Ruysbroeck (JRO) – Reino dos Amantes de Deus, Prefácio
Ruysbroeck — Tratado do Reino dos Amantes de Deus
Prefácio (R. CHAMONAL)
Justum deduxit Dominus per vias rectas et ostendit illi regnum Dei. (Sap., X, 10.)
Um sublime comentário destas palavras sagradas é o que J. Ruysbroeck, o divino contemplador, nos dá em seu livro místico do Reino dos amantes de Deus: O Senhor conduziu o justo pelo caminho reto, e lhe mostrou o reino de Deus. Este reino está dentro de nós, e onde quer que a mão criadora e condutora de Deus se faça sentir com sua providência, sua misericórdia ou sua justiça: Regnum Dei intra vos est.

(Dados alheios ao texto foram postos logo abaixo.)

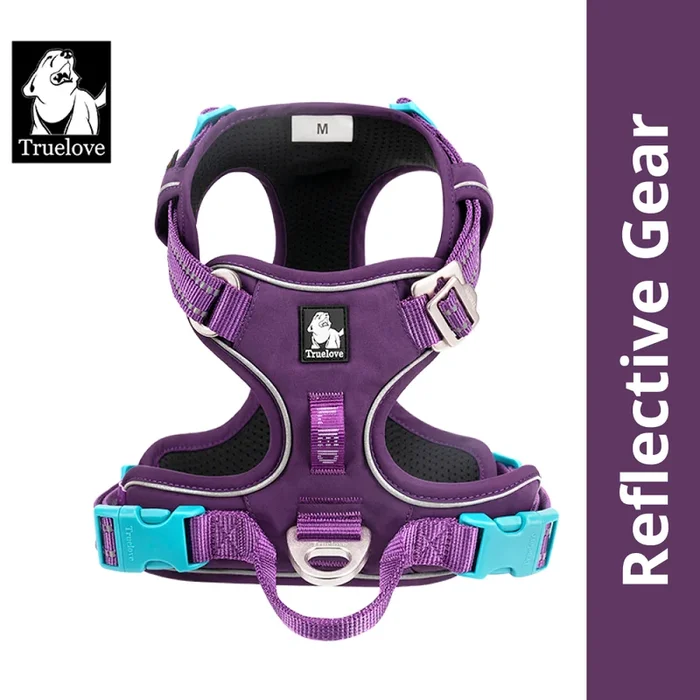 Truelove No Pull Cordura Harness with 3M Reflective Material for Dogs (Purple)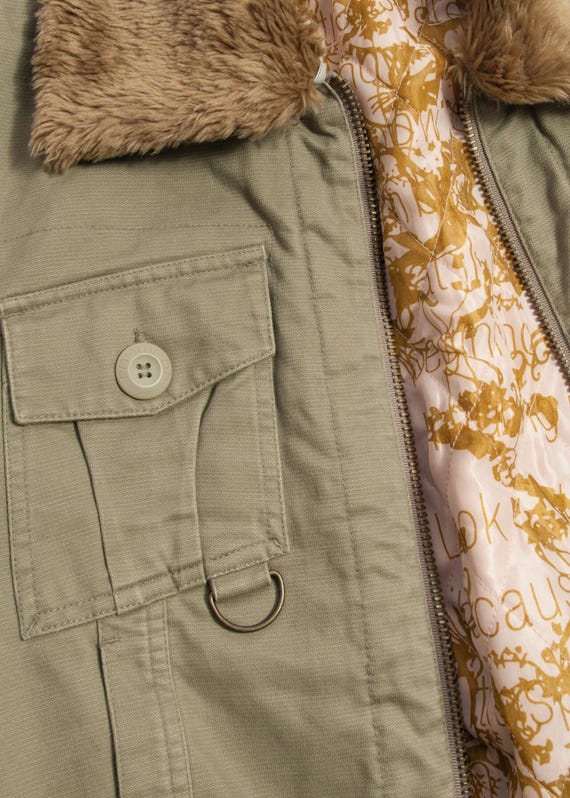 Vintage Y2K Bomber Jacket in Khaki Cotton - 2000s Grunge Aviator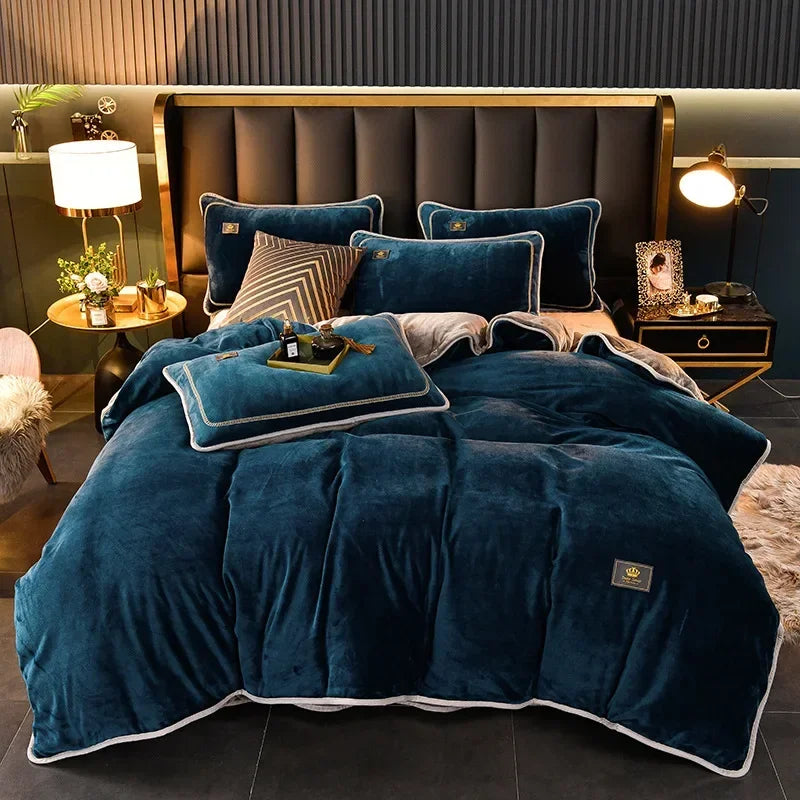 Afralia™ Plush Winter Bedding Set: Ultra-Thick Milk Fleece Duvet, Sheets, Comforter Cover & Pillowcases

Encontra-se em todo homem de boa vontade que se submete ao suave jugo de Deus e se dispõe à própria santificação pela graça, em plena colaboração com o próprio Deus, pois Deus reina verdadeiramente nele, e na mútua doação que fazem de si mesmos o domínio do homem se converte no de Deus e o reino de Deus no do homem. Sim, a realeza de Deus se exerce sobre todo homem que lhe serve com o zelo que deve mostrar toda criatura inteligente para com seu criador todo-poderoso; e esta realeza tende a divinizar o homem, separando-o de tudo quanto não é Deus para aproximá-lo do próprio Deus. Deuses sois — Vos dii estis. Ora, para alcançar esse fim é preciso não se opor à ação de Deus, que se exerce pela graça, mas colaborar com Deus na própria santificação, porque Deus não quer nos salvar sem nós, isto é, sem que nossa vontade livre nos dirija a ele e nos una a ele com exclusão de tudo quanto não é ele; porque é um Deus zeloso de sua glória. Revoltar-se contra Deus, lutar contra o Todo-Poderoso, querer impedir que venha seu reino, é arruinar-se a si mesmo e entregar-se acorrentado a Satanás, o eterno inimigo de Deus, para sofrer como ele o castigo supremo.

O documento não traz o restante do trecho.